Sunday 14 January 2018

We need fair taxes

There has been much discussion about "austerity" lately, or to describe it properly, unwarranted cuts in support for the people who most need it. It is too easy to blame the shortage of public funds on the move to leave the European Union, though the fact that we are not benefiting from a rise in global trading activity as much as fellow-Europeans must be a factor. No, the real reason is deliberate government policy to reduce the tax contributions from those most able to make them.

William Wallace is not a name well-known to the general public (except for those who saw a historically dubious biopic starring Mel Gibson), but he is a distinguished and respected academic in the field of international affairs. He wrote on Liberal Democrat Voice over the Christmas period:

The IMF’s annual report on the UK economy recommends that taxes should be raised, in order to reduce the deficit further without cutting public investment and services.

and

Britain has one of the lowest tax rates of any developed democracy, after the USA and Canada.
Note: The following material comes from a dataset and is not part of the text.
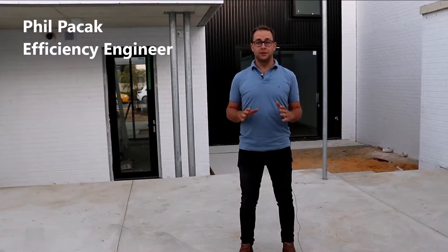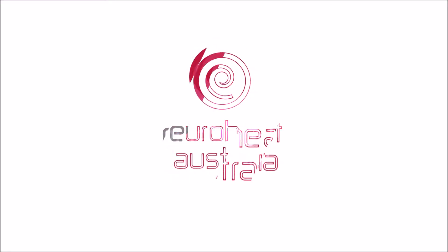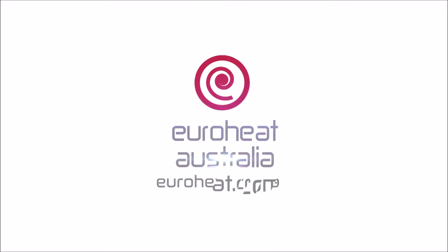Hey, it's Phil from Euroheat. During your own research you might have realised that everywhere on the internet it says hydronic floor heating systems are 30% more efficient than other forms of heating. Now you might be wondering, is this actually true? The good news is that yes, it is true, but only if it's done right.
It is also one of the most unequal, after the USA. Other democratic states tax wealth and income more progressively, and provide higher-quality public services from that revenue. Germany, on Eurostat figures, raised 40% of GDP in tax in 2016, against the UK’s 35%, without ruining its economy or losing its business elite. 

Lib Dems achieved their largest parliamentary gains in 1997 with a manifesto which included putting a penny on the standard rate of income tax for the sake of education, so we should not be afraid of doing so again. Indeed, current policy is to rescue the NHS via a hypothecated tax. I would like to go further and say that we must also provide for our underfunded social services.